许负心自作主张,用尽了寿葫芦中的寿限,这才与诸修潜入海底,依着秦忘舒的指点,去寻那座海底幻域。
秦忘舒抽空对许负心传音道:“负心,你好大的胆子,竟平分了寿葫芦中的寿限,就不怕那正主儿来寻你问罪。”
许负心笑道:“若论我这大胆的源头,忘舒哥哥却是脱不了干系的。”
秦忘舒奇道:“怎地又赖到我头上?”
许负心掩口笑道:“忘舒哥哥身上有无数好处,负心每日瞧在瞧在眼中,有样学样,也学了不少。”
秦忘舒笑道:“我竟有无数好处,你倒是说来听听。”
许负心道:“别的不说,便是这遇事最肯担当的性子,世间修士,怕是没几人能强过忘舒哥哥的,他日若是寿星寻我问罪,最多只怪我一人罢了,那赠出去的寿限,难不成还要一一讨要回来?”说到这里,不由格格一笑。
秦忘舒叫道:“负心,你这哪里是学我,分明学的是天轻的捉狭讨巧,这才叫近朱者赤,近墨者黑。”

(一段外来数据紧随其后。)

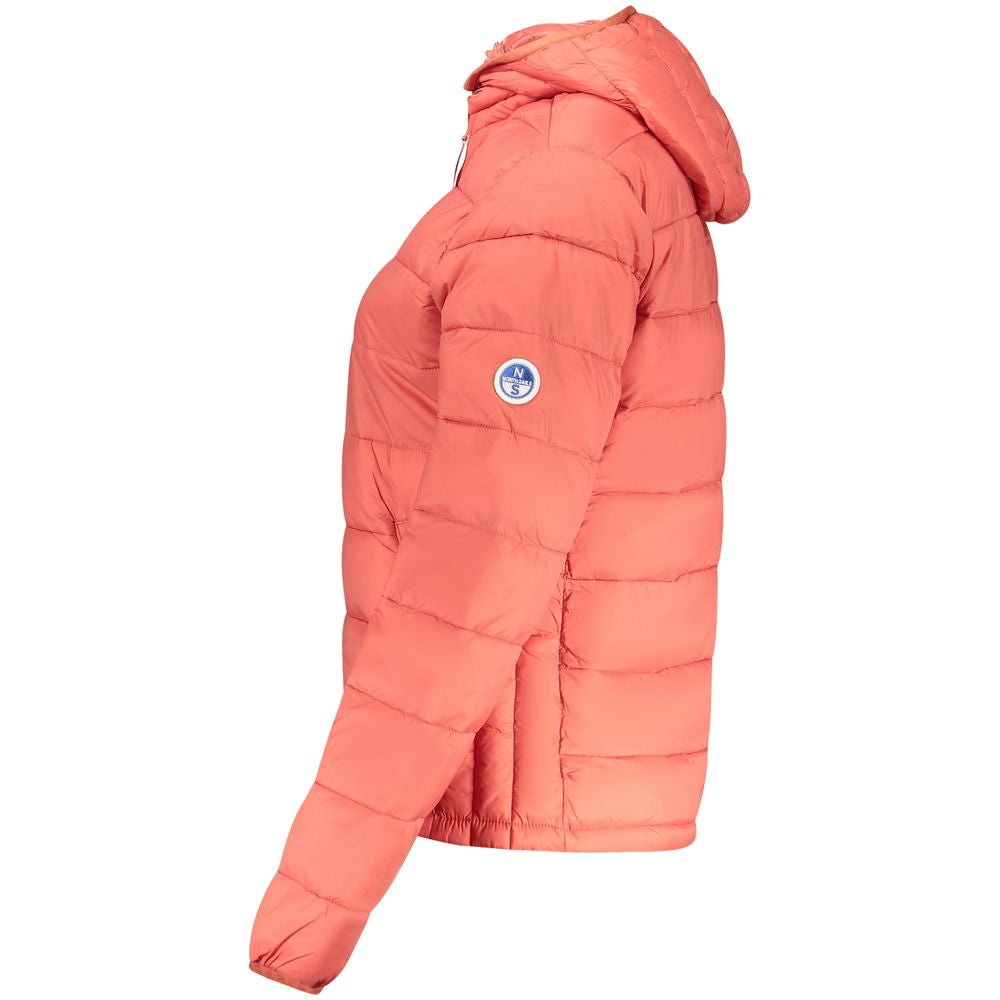 North Sails Red Polyester Women's Jacket - ClickThatClicks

许负心见秦忘舒提起云天轻来,心中就是一黯,那云天轻不管是怎样的来历,毕竟与魔修脱不了干系,而自己身为真龙之子,与魔修自是势不两立,下次若是遇到,又该如何自处?
秦忘舒脱口而出,心中亦是一紧,同时忖道:“天轻说必会给我一个交待,却不知她有何苦衷,还是再次设局欺我。”一时间患得患失,也是浮想连翩了。
此次前往海底幻域,沿途虽遇到海中生灵无数,但其中并无大能奇兽怪鱼,虽然海底幻域是大族心目中的飞升之地,但既有真龙在此,水族怎敢上前?因此一路行去,绝无阻碍。
半个时辰之后,诸修已身在海底,向四周瞧去,自是一片漆黑。唯有困仙冰索的一道道金光,笔直地指向海底。
姬老阻便向禽滑厘揖手道:“破域跨界,唯有指望禽先生了。”
禽滑厘笑道:“容我稍做准备。”
秦忘舒知道禽滑厘奇术无双,必有法子进入幻域之中,他想起幻域中的白雀,心中好生牵挂。只可惜他与白雀只是在幻术中相见罢了,他纵是认得白雀,那白雀又岂能认得他。也不知见面之后,又会是怎样的情景了。
这时禽滑厘已准备停当,那海底搭起一座小小的木台,木台上刻有符文无数,上面竖着皂旗两面,就算是一座门户了。
禽滑厘用手向皂旗一指,皂旗发出金光一道,那门户自然闪闪生光。
禽滑厘道:“门户已成,恭请诸位入域。”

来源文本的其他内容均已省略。